Family Myrtaceae (includes guava, cloves, eucalyptus)
Also known as: Pimento or Pimenta, Jamaica pepper, Jamaica pimenta, myrtle pepper
Allspice is the dried unripe aromatic fruit (berry) of the tropical American tree, Pimenta dioica (L) Merr., which is mainly produced in Jamaica. It’s production is confined to the New World, in Mexico, Honduras, Trinidad and Cuba. Efforts to grow it elsewhere have not been successful.
It’s called ‘allspice’ because it’s flavour resembles a mixture of spices especially, cloves and black pepper. It also has hints of nutmeg and cinnamon. (The Oxford companion to Food).
The fruits (berries) are harvested when green and dried in the sun. Once dried they become reddish-brown and smooth.

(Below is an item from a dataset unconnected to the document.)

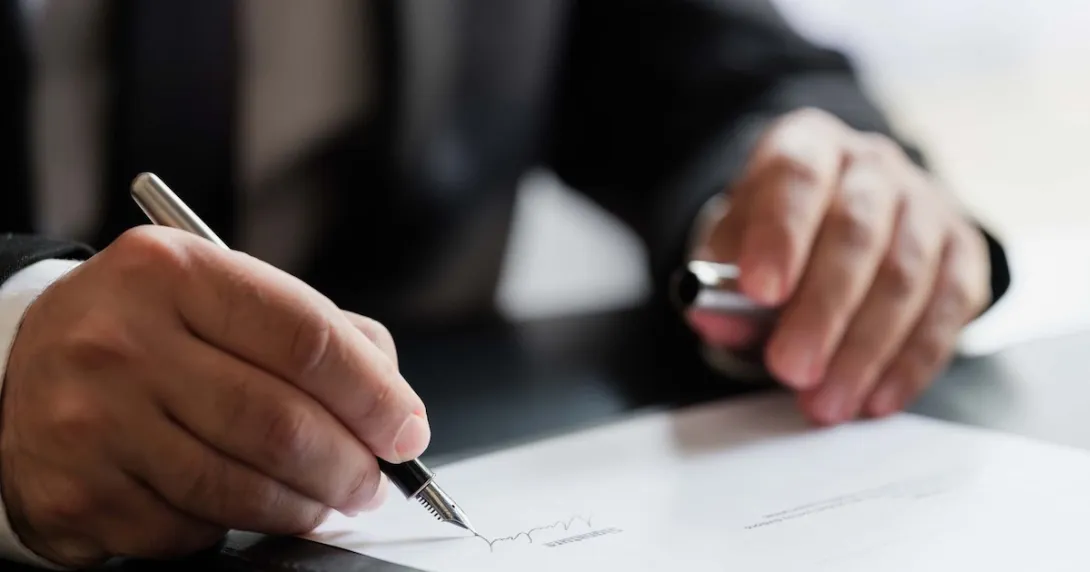 Person signing a document Person signing a document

The aroma in allspice comes from it’s essential oils, whose main constituent is eugenol. Eugenol is also found in cloves (oil of cloves), nutmeg, cinnamon, basil and bay leaf.
An essential oil is an aromatic, volatile oil extracted from various plants like eucalyptus, orange or lemon peel, peppermint, lavender, coriander, basil, mint, black pepper, cardamom etc. Allspice essential oil is called Pimento berry oil.
- Allspice is used to flavour savoury and sweet dishes.
- It’s an important ingredient in Caribbean cuisine, in Jamaican jerk seasoning, and in the middle eastern cuisine.
- Allspice may be used whole, in pickles and marinades; or ground in cakes, puddings, desserts and cooked fruit.
- It’s used in commercial sausage production and as an ingredient in curry powder.
- It’s an ingredient Cincinnati-style chilli which is seasoned with cinnamon, allspice and cloves.
- It’s also used in the production of certain liqueurs such as Benedictine.